No basta con que aquellos que se empeñan en mantener a salvo el carácter pacífico de la protesta se desmarquen de los actos violentos, ya que éstos no son más que las consecuencias lógicas aunque indeseables de cualquier reacción popular. Asimismo, es comprensible que los revoltosos de primera hora se resistan a adoptar una estructura orgánica que les proporcione la entidad necesaria para hacer valer sus demandas ante los interlocutores apropiados. Pero es necesario que articulen un programa que incluya no sólo las ideas y reclamaciones, sino también la forma de llevarlas a cabo. Me consta que en el movimiento participan muchos y muy eficientes expertos en las diferentes materias necesarias para elaborar unos proyectos viables, y buscar los resquicios de nuestro actual sistema democrático por los que se puedan introducir las reformas pretendidas. Para eso es necesario tener un conocimiento preciso de la estructura orgánica del Estado y de la situación política real, pues sólo así será posible diseñar una estrategia eficaz que, al menos, rentabilice el esfuerzo realizado hasta ahora.

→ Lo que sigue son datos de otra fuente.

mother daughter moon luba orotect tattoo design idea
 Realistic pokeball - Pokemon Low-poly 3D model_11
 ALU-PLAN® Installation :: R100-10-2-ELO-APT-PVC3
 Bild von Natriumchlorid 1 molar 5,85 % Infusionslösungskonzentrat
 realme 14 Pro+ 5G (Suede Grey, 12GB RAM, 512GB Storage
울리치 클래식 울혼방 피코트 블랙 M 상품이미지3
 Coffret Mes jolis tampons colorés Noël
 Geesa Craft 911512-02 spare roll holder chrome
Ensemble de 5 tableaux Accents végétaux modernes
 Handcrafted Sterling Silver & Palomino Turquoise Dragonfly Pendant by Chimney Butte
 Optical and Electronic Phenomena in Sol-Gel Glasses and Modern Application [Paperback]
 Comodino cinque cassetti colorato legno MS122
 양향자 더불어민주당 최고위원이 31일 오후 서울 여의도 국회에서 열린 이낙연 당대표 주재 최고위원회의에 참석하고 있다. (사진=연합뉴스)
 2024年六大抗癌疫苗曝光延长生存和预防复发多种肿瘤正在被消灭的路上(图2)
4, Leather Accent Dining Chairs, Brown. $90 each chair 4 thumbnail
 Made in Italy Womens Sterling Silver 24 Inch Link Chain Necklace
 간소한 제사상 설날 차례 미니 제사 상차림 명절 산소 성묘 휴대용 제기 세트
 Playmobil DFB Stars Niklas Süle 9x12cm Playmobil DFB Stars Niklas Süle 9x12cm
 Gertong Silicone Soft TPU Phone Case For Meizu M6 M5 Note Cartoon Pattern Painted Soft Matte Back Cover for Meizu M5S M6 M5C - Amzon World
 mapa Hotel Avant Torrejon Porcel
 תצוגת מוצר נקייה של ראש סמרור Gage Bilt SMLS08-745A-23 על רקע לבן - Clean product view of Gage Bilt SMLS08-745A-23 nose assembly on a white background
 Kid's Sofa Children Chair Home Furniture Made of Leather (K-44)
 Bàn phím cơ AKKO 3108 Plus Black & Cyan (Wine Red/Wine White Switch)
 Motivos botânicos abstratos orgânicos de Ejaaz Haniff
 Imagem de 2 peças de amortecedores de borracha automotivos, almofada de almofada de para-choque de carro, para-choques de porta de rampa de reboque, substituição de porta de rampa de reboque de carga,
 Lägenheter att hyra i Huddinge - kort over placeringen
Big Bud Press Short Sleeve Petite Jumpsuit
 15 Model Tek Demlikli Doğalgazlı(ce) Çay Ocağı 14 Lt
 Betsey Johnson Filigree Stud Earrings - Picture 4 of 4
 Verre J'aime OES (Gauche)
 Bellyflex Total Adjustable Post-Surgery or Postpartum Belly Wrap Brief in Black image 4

Frente a ello, los poderes públicos no pueden seguir mirando hacia otro lado esperando al fallo del contrario para justificar sus decisiones erróneas y preservar su estado de privilegio. Y menos parapetándose en una legitimidad obtenida por un sistema electoral defectuoso. Es comprensible que la violencia de las masas les desconcierte e irrite, pues no en vano han sido muchos años de conformismo social los que les han permitido desarrollar una percepción trascendente de su labor, alejándose cada vez más de la realidad y, lo peor, de los valores éticos que han de sustentar su condición de servidores del interés general. Y es lamentable que los acontecimientos hayan desembocado en ira, pues ahora a los políticos sólo les queda una alternativa: escuchar o reprimir. Sólo se les pide decencia y atención a quienes les eligen y les otorgan sus privilegios. No es mucho.

Han de saber que este movimiento cívico no es tan minoritario como creen, pues tras las acampadas y las protestas públicas existe una enorme cantidad de ciudadanos que apoyan sus demandas. Basta con que vuelvan a echar un vistazo a las cifras electorales para comprobar que algo no funciona en nuestra democracia. Los que gritan son muchos, pero aún son más quienes en silencio esperan ver recompensada la confianza que han depositado en las urnas. Están al acecho, y bastará con que la necesidad les haga perder el miedo para que esta protesta adquiera nuevas dimensiones, quizás indeseables. Las expectativas no son las mejores para que la calma vuelva a la sociedad sino al contrario. Es la revolución latente que puede estallar en cualquier momento. Y esta sí que puede ser incontrolable.

Por eso, los políticos deben abandonar su cómoda dimensión, mirar a su alrededor, valorar sus compromisos y pensar que lo que realmente les legitima son sus actos y no lo que obtienen de unas urnas cautivas.